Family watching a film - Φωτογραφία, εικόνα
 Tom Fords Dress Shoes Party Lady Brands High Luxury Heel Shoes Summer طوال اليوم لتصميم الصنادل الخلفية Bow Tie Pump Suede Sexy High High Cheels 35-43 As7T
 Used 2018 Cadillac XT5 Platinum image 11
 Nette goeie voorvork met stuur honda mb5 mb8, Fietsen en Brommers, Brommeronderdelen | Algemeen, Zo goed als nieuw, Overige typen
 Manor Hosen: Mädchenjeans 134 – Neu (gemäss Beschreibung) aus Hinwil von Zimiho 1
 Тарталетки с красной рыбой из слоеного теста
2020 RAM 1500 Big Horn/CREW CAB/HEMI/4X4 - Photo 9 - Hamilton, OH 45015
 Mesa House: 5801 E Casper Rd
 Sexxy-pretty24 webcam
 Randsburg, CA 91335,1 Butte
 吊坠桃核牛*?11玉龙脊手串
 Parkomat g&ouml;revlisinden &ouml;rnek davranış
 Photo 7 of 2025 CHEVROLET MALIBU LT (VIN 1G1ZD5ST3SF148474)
==============================
Try it:
This exercise calls for an exact reproduction of the material.

Expected output:
Family watching a film - Φωτογραφία, εικόνα
 Tom Fords Dress Shoes Party Lady Brands High Luxury Heel Shoes Summer طوال اليوم لتصميم الصنادل الخلفية Bow Tie Pump Suede Sexy High High Cheels 35-43 As7T
 Used 2018 Cadillac XT5 Platinum image 11
 Nette goeie voorvork met stuur honda mb5 mb8, Fietsen en Brommers, Brommeronderdelen | Algemeen, Zo goed als nieuw, Overige typen
 Manor Hosen: Mädchenjeans 134 – Neu (gemäss Beschreibung) aus Hinwil von Zimiho 1
 Тарталетки с красной рыбой из слоеного теста
2020 RAM 1500 Big Horn/CREW CAB/HEMI/4X4 - Photo 9 - Hamilton, OH 45015
 Mesa House: 5801 E Casper Rd
 Sexxy-pretty24 webcam
 Randsburg, CA 91335,1 Butte
 吊坠桃核牛*?11玉龙脊手串
 Parkomat g&ouml;revlisinden &ouml;rnek davranış
 Photo 7 of 2025 CHEVROLET MALIBU LT (VIN 1G1ZD5ST3SF148474)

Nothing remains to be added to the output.